There Goes Rhymin' Simon is the third solo studio album by American musician Paul Simon rush-released on May 5, 1973. It contains songs covering several styles and genres, such as gospel ("Loves Me Like a Rock") and dixieland ("Take Me to the Mardi Gras"). It received two nominations at the Grammy Awards of 1974, including Best Male Pop Vocal performance and Album of the Year.
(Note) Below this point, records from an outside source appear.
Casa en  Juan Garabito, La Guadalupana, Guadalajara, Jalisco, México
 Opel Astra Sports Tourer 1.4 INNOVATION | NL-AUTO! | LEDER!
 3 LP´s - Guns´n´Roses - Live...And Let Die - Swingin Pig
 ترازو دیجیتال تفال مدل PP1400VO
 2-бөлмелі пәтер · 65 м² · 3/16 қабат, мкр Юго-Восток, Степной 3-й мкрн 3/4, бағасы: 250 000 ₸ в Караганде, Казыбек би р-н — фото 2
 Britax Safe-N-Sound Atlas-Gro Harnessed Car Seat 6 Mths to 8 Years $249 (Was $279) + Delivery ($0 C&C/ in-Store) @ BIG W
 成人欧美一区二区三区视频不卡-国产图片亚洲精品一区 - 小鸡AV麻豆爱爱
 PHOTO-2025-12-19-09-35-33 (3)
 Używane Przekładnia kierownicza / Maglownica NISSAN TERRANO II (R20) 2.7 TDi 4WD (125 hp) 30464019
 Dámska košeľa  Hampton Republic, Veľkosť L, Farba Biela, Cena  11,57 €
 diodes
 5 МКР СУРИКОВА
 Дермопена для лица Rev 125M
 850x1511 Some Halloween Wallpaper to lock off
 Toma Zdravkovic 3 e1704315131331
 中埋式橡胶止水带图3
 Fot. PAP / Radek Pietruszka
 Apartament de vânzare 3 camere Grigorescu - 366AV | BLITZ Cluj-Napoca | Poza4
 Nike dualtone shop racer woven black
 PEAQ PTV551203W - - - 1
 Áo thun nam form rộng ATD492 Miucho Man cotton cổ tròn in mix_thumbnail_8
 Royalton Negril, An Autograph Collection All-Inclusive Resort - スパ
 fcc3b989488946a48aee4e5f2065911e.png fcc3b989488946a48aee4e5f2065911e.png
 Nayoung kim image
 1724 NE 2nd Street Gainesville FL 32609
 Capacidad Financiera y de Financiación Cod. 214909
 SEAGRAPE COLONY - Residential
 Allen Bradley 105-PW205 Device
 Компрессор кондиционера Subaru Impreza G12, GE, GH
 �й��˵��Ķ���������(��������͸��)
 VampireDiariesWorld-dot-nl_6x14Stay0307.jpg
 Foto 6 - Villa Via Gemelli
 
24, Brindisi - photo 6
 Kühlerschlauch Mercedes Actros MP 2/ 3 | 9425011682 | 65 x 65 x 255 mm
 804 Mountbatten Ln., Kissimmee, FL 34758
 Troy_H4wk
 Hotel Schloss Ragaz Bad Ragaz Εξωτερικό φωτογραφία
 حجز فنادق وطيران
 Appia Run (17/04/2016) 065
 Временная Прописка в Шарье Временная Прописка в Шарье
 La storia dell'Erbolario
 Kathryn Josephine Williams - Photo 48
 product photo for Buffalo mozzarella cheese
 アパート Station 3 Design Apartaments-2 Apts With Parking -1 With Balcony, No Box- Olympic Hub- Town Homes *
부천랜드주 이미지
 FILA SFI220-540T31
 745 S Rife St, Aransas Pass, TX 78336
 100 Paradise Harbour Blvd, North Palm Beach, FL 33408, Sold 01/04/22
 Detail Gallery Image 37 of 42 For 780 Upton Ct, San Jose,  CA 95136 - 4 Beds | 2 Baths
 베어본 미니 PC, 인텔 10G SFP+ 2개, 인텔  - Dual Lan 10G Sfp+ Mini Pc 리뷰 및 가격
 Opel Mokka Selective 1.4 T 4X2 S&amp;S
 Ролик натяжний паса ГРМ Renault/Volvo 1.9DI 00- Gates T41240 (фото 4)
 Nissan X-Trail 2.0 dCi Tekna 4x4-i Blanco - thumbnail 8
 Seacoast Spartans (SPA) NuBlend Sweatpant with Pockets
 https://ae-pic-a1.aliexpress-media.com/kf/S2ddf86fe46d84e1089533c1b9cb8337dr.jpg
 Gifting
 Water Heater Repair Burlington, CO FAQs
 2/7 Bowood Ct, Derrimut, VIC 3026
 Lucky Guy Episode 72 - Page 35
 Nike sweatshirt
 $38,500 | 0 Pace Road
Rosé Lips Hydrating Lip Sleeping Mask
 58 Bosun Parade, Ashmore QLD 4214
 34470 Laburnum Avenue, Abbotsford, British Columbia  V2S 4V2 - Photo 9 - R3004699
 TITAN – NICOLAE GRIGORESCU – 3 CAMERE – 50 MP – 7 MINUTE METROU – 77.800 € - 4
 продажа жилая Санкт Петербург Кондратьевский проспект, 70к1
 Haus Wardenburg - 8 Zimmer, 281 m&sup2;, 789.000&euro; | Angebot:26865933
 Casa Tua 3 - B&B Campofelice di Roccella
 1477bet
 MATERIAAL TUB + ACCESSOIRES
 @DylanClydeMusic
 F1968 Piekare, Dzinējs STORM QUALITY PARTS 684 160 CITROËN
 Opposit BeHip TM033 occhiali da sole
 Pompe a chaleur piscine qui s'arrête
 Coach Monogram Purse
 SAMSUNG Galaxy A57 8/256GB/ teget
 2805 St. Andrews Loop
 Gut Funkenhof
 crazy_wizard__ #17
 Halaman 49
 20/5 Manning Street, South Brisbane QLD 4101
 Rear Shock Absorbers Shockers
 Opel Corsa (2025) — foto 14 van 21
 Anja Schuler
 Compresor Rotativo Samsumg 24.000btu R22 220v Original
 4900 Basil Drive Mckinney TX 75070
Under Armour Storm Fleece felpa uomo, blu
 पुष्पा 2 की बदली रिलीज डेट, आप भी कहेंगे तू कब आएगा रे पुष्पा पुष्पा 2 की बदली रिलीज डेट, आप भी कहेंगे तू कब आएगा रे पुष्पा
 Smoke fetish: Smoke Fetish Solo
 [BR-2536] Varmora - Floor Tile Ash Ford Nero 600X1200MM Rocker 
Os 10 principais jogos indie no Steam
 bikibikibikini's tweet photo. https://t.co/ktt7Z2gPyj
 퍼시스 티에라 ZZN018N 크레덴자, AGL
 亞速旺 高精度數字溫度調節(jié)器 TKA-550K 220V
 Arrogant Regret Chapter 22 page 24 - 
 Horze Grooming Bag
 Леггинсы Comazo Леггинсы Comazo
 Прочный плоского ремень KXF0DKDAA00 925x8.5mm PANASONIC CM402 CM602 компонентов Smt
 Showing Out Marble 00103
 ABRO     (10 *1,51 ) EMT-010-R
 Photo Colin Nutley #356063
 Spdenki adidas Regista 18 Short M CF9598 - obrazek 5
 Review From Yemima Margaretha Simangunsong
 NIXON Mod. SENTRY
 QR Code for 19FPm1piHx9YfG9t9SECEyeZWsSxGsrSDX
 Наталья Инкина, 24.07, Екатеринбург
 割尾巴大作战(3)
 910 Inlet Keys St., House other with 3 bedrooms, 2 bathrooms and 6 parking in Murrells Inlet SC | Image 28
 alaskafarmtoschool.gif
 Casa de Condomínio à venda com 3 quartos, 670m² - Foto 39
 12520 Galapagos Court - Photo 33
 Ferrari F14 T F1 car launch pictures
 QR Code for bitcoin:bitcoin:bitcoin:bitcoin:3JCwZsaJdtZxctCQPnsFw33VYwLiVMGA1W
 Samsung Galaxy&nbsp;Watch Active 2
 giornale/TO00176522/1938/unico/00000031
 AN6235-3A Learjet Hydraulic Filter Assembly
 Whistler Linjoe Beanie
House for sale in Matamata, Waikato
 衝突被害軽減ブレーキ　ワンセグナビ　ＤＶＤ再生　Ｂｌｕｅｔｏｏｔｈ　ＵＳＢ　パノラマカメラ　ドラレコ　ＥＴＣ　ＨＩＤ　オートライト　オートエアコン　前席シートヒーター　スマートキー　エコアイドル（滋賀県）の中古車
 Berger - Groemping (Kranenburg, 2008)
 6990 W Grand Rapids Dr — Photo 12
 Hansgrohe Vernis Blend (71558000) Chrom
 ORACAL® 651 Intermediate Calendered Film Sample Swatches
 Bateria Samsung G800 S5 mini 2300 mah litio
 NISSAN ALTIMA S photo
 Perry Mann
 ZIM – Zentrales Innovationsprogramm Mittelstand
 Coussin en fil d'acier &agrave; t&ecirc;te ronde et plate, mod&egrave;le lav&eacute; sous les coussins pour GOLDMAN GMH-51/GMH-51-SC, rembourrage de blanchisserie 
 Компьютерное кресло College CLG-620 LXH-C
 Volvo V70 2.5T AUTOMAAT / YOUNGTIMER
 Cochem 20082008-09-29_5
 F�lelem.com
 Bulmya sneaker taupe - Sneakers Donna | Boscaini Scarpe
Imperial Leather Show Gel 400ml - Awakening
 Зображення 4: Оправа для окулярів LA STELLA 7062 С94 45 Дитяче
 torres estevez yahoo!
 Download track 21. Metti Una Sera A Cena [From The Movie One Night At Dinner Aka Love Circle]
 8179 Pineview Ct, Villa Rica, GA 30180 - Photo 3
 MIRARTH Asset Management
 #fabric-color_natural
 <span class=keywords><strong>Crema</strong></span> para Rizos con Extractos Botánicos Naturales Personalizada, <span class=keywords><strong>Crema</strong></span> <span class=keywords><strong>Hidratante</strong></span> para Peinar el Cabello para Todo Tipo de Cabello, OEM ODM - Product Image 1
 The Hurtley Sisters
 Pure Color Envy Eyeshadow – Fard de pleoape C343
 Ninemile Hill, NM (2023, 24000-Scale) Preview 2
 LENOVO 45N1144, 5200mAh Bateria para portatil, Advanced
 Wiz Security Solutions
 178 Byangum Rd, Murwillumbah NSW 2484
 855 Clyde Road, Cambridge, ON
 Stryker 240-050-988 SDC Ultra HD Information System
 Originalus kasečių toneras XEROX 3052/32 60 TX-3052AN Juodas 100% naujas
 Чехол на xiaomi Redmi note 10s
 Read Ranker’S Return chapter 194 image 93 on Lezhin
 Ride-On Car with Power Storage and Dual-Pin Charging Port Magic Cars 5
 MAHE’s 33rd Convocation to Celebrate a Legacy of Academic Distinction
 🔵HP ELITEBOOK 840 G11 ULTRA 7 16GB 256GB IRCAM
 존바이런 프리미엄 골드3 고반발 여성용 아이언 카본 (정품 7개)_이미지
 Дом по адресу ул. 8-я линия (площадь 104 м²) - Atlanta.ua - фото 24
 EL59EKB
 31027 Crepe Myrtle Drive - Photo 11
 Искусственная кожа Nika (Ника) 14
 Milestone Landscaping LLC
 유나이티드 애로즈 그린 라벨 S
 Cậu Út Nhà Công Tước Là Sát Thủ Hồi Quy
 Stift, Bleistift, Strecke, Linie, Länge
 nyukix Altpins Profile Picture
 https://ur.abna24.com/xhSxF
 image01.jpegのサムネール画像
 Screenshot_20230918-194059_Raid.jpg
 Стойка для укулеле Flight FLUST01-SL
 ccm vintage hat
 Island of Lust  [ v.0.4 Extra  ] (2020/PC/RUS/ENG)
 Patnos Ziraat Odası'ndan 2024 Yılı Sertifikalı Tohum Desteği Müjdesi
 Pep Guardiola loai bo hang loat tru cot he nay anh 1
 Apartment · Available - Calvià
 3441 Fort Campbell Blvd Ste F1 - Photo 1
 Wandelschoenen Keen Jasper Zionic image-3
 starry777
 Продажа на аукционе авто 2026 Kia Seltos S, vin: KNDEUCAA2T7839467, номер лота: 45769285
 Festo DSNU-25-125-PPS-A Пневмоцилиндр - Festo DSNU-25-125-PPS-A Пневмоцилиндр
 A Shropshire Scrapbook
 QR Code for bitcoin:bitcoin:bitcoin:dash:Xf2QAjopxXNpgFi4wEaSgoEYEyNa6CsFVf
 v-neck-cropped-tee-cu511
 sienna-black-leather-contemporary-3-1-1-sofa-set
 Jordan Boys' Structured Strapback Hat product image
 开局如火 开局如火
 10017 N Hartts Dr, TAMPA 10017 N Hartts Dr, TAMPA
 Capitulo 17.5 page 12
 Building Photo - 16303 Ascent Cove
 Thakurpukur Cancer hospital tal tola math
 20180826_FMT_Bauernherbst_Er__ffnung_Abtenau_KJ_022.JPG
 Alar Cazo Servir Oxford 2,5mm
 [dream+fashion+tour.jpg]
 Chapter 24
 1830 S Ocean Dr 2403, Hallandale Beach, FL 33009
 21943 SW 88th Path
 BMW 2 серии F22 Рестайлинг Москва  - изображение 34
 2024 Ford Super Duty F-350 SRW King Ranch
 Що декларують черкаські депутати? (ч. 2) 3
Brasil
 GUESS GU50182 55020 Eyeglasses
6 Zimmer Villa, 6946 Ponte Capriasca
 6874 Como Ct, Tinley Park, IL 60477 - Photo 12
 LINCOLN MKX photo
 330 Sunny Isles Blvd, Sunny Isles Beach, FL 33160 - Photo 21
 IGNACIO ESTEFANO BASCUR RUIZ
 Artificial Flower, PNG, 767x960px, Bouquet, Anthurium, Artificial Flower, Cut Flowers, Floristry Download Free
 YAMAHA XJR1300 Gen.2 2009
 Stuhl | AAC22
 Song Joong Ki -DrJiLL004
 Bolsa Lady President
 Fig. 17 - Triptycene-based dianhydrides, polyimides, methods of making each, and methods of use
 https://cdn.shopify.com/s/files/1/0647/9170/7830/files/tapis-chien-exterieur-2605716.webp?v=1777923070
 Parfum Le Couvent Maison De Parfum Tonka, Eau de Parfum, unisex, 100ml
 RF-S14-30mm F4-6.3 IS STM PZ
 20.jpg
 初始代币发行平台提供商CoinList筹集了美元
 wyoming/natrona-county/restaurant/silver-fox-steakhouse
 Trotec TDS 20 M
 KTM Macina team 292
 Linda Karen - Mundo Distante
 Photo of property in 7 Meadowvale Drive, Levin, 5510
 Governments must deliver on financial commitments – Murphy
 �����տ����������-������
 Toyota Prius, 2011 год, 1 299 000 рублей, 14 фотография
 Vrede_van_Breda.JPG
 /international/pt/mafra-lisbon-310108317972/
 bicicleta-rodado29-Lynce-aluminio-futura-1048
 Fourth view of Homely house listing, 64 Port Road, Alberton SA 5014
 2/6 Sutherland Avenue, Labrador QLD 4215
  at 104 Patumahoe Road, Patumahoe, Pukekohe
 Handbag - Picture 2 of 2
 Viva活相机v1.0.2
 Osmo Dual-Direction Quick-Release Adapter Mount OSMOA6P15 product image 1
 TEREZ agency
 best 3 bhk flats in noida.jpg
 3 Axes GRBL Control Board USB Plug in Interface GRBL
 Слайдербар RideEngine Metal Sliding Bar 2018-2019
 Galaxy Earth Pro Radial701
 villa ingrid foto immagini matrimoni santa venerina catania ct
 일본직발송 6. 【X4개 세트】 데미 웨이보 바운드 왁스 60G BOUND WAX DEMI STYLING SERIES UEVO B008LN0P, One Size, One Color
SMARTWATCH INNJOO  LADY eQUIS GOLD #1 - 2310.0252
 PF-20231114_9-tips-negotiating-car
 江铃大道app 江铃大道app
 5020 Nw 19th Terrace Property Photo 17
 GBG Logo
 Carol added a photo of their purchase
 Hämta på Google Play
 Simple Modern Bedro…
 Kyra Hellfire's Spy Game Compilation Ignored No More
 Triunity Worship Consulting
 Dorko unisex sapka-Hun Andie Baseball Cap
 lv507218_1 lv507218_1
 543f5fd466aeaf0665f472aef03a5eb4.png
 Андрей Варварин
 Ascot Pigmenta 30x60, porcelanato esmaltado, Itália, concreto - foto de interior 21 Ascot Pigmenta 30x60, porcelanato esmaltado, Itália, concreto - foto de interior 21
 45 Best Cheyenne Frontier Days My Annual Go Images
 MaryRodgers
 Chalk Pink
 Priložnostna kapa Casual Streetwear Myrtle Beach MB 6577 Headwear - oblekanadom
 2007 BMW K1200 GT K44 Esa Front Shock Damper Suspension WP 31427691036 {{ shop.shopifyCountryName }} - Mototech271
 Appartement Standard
It was ranked #267 on the list of Rolling Stone's 500 Greatest Albums of All Time.
As foreshadowed by the feel-good lead single "Kodachrome" (which reached #2 on the Billboard charts, blocked by Billy Preston's "Will It Go Round in Circles"), There Goes Rhymin' Simon proved to be a bigger hit than its predecessor, reaching #2 on the Billboard 200 chart (kept off the top spot by George Harrison's Living in the Material World), and #1 on Cashbox Magazine for one week on June 30, 1973. In the United Kingdom, the album peaked at #4. Subsequent singles were also the #2 single "Loves Me Like a Rock" (knocked-off by Cher's "Half-Breed", but reaching #1 on Cashbox on September 29, 1973), and the Top 40 hit "American Tune". Also "Take Me to the Mardi Gras" was released in the UK reaching the Top 20.
The song "Kodachrome" is named after the Kodak film of the same name. Kodak required the album to note that Kodachrome is atrademark of Kodak. The song was not released as a single in Britain, where it could not be played on BBC radio due to its trademarked name. The song "Was a Sunny Day" has an interesting reference to early rock and roll in the line "She called him Speedo but his Christian name was Mr. Earl" which echos the chorus from the 1955 song from The Cadillacs "Speedo", with "others call him Speedo but his real name is Mr. Earl", their lead singer, Earl "Speedo" Carroll.